María siempre acompañó a la Iglesia. desde su mismo nacimiento, en la mañana de Pentecostés ella estuvo junto a los Apóstoles: «Todos ellos, íntimamente unidos se dedicaban a la oración, en  compañía de algunas mujeres, de María, la madre de Jesús y de sus parientes» (Hch 1,14). Desde los  primeros siglos, los cristianos veneran a María con diversas advocaciones ligadas a los lugares  donde la Iglesia evangelizaba. En América Latina, desde que la fe cristiana llegó a nuestras tierras,  María, nuestra madre, siempre estuvo presente: en México bajo la advocación de la Virgen de 

Guadalupe, Caacupé en Paraguay, Luján en Argentina, y en nuestro nordeste, la de Itatí.  
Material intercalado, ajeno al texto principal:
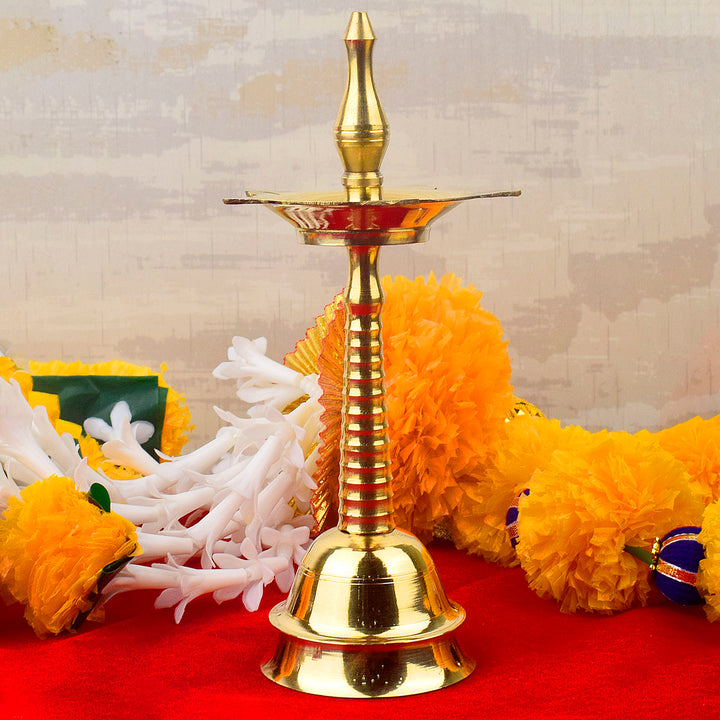 7.6 Inch Elegant Brass Kerala Inauguration Diya – Handcrafted brass diya perfect for inaugurations, pooja ceremonies, and sacred events, adding elegance and divine blessings to your space. India’s Largest Pooja Accessories Brand – www.satvikworld.com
A ella, a María de Itatí que siempre nos acompaña, queremos pedirle en este 9 de julio que interceda  ante nuestro Padre Dios, por nuestra Patria y por nuestra Provincia de Misiones. Hoy debemos  comprender que toda vocación, pero especialmente la de los laicos, pasa por la responsabilidad  ciudadana, e implica la transformación de las realidades temporales. Nos decimos cristianos o  católicos, pero lamentablemente hay muchas rupturas entre la fe que profesamos y nuestras  opciones. La responsabilidad del cristiano como ciudadano debe ayudar a que podamos madurar  nuestro sistema democrático para que se fundamente en una real convivencia social. En la Argentina  de hoy se hace necesario seguir fomentando la cultura del diálogo, evitando la uniformidad que  siempre impide construir una sociedad sobre la diversidad y los consensos, y fundamentalmente el  respeto al talento creativo y constructivo que cualifica nuestras instituciones.  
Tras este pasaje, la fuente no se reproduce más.